- _Input records_:

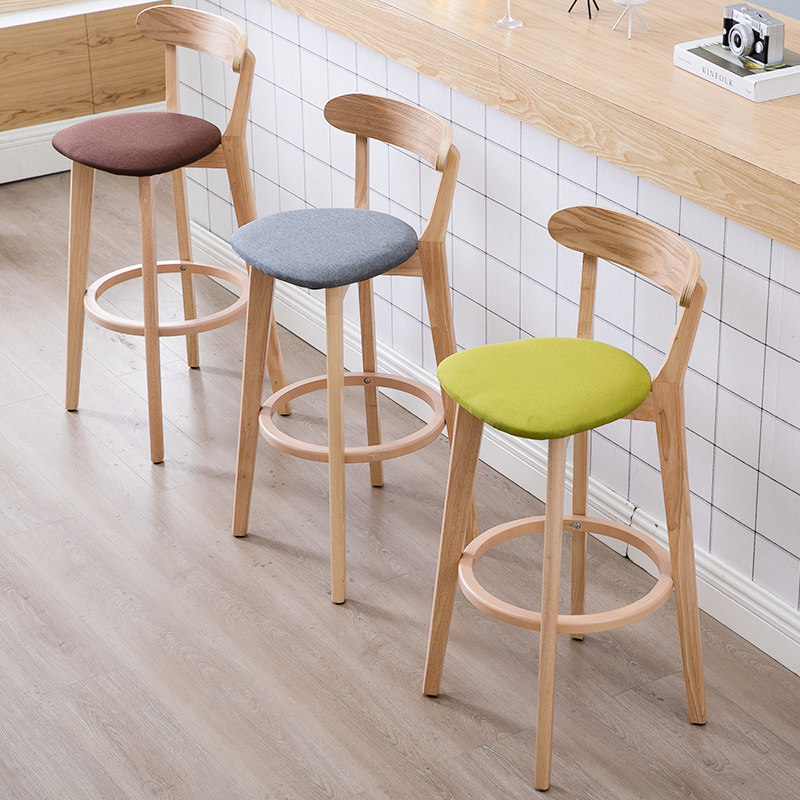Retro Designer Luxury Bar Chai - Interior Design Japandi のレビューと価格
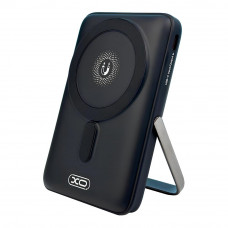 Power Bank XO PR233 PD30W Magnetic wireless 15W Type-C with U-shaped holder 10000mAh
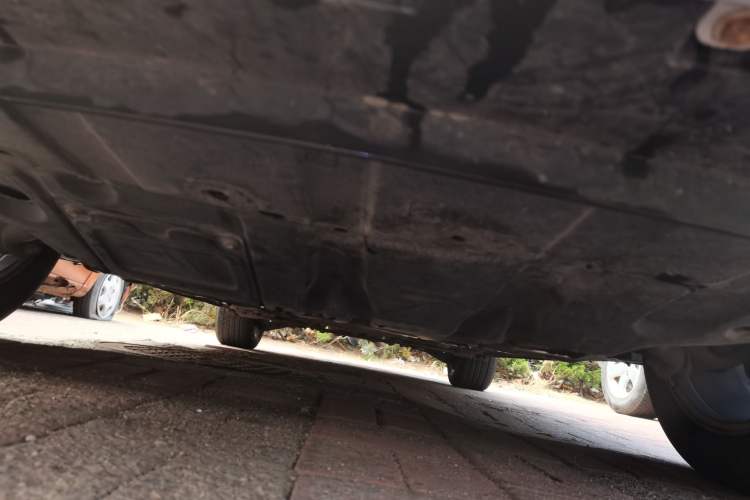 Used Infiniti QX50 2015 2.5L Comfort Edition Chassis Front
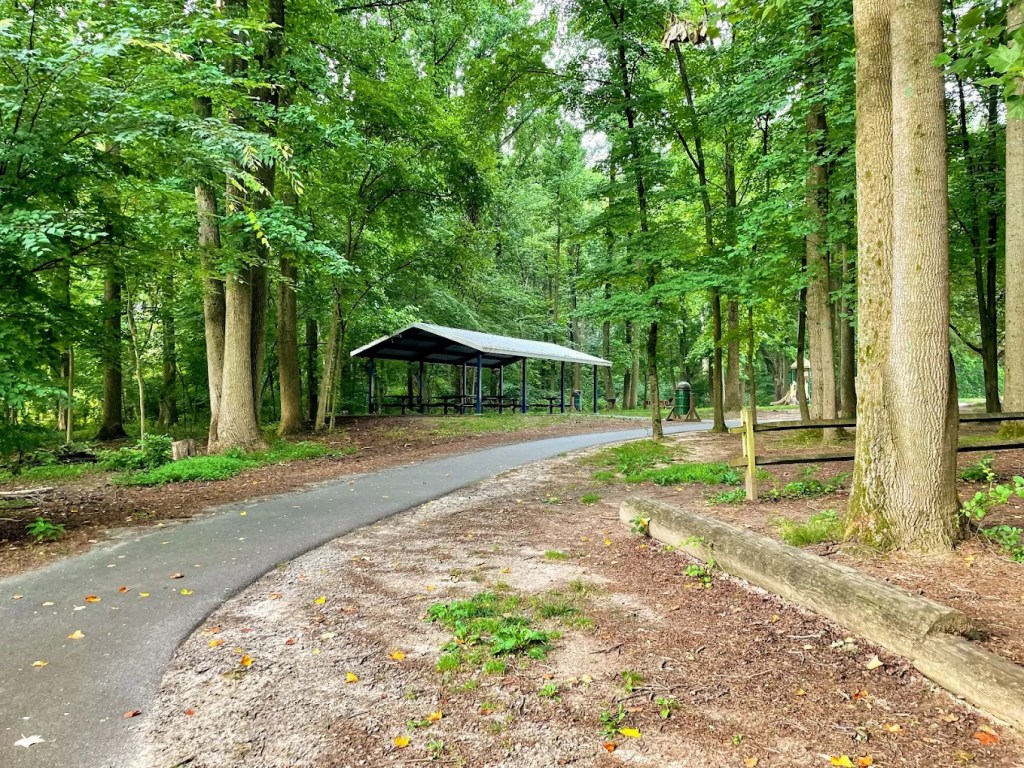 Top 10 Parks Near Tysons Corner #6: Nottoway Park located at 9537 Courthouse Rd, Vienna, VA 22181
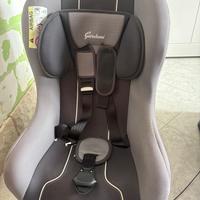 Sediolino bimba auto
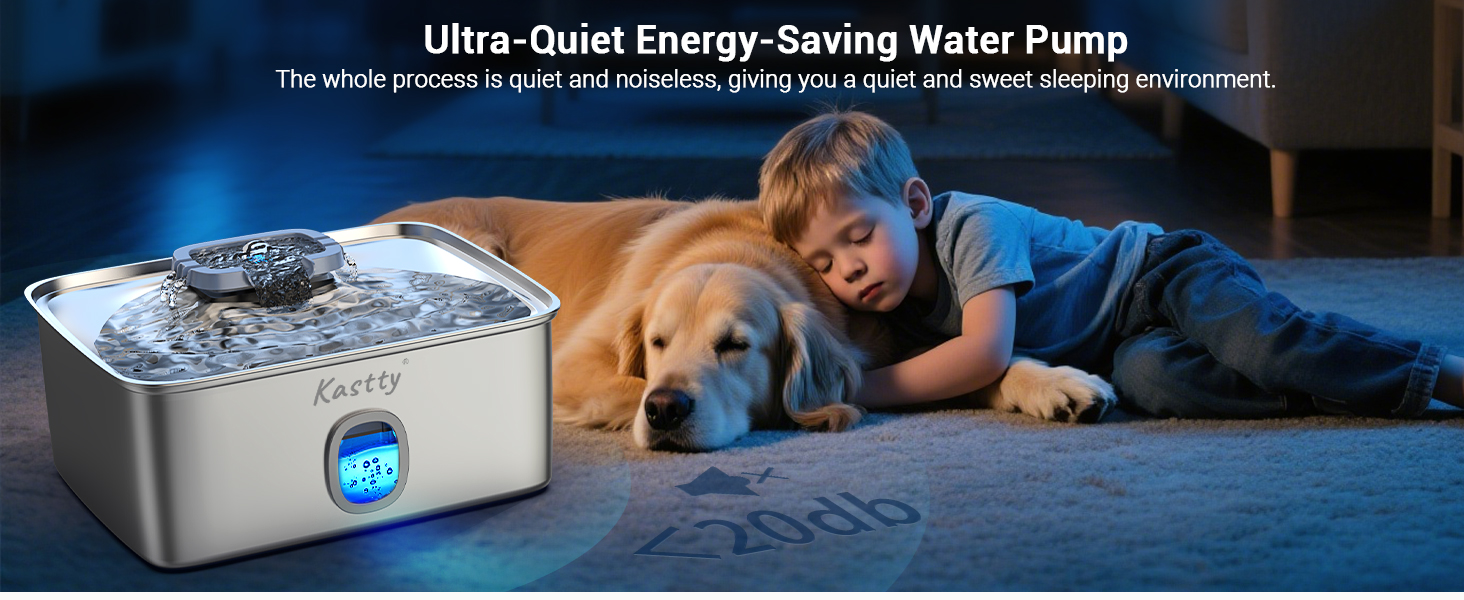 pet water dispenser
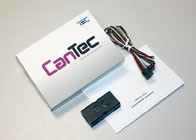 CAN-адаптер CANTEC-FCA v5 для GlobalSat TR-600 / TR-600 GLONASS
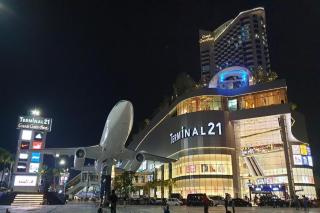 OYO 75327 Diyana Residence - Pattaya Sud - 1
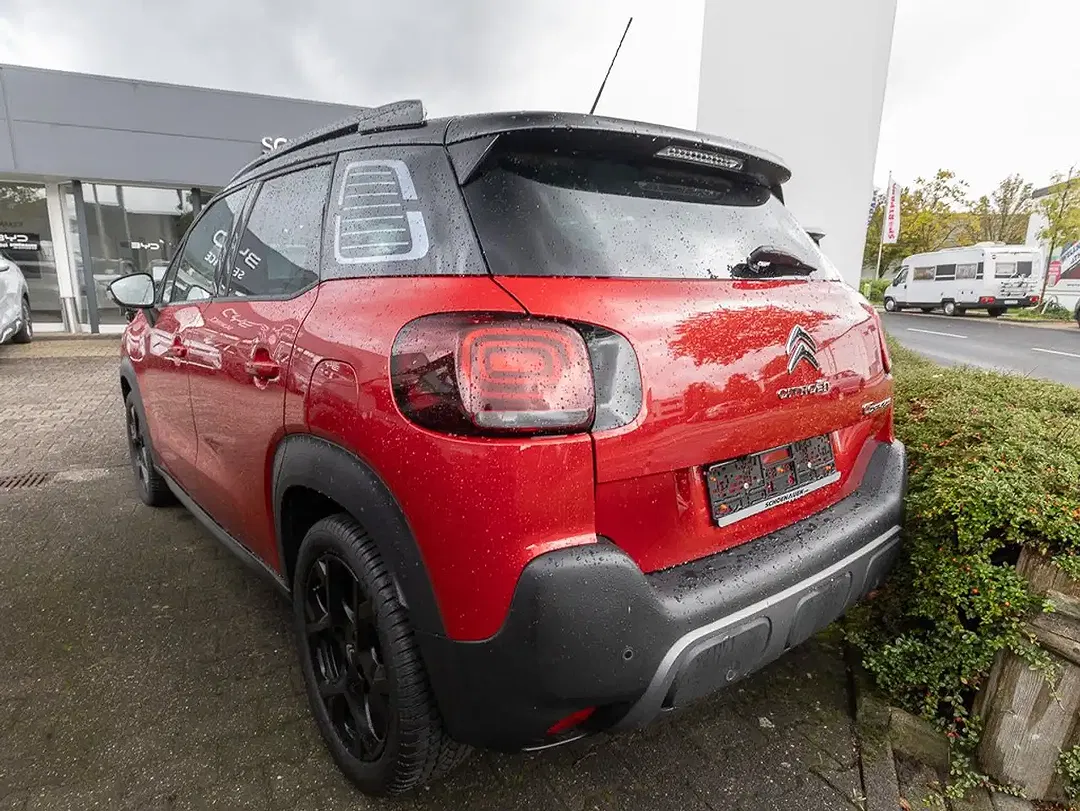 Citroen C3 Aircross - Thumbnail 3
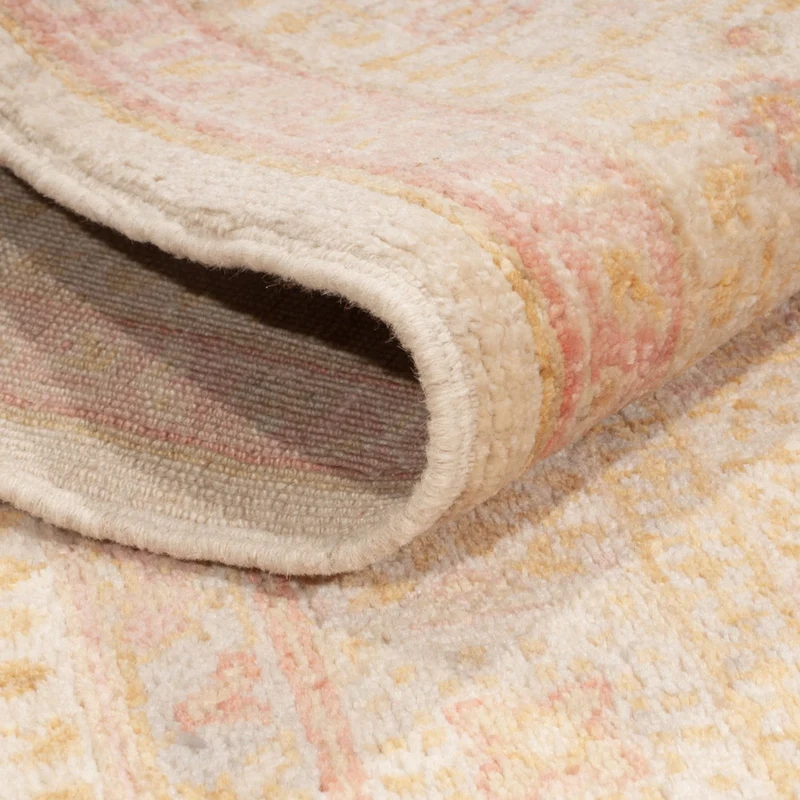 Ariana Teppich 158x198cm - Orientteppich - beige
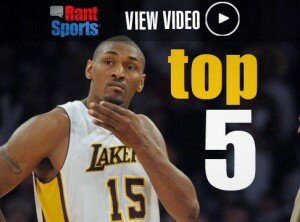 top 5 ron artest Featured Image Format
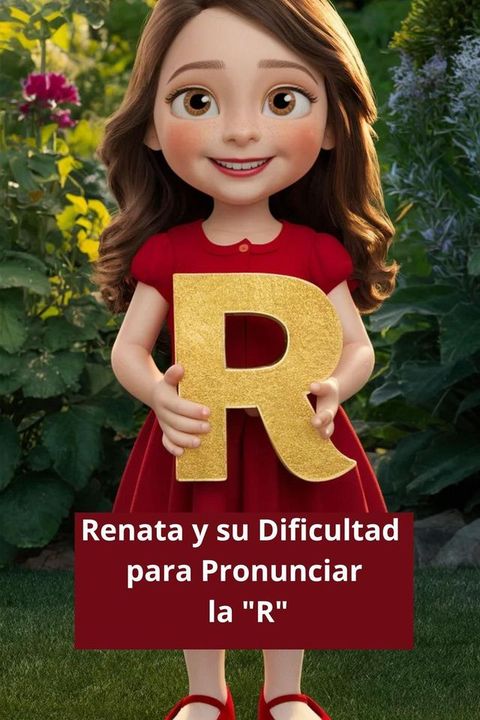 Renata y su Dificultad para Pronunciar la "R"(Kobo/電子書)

- _Task item_: The required output is a verbatim repetition of the lines from the opening of the entries above through the line containing "pet water dispenser", inclusive, with no pictures and nothing else.

- _Written answer_:
Retro Designer Luxury Bar Chai - Interior Design Japandi のレビューと価格
 Power Bank XO PR233 PD30W Magnetic wireless 15W Type-C with U-shaped holder 10000mAh
 Used Infiniti QX50 2015 2.5L Comfort Edition Chassis Front
 Top 10 Parks Near Tysons Corner #6: Nottoway Park located at 9537 Courthouse Rd, Vienna, VA 22181
 Sediolino bimba auto
 pet water dispenser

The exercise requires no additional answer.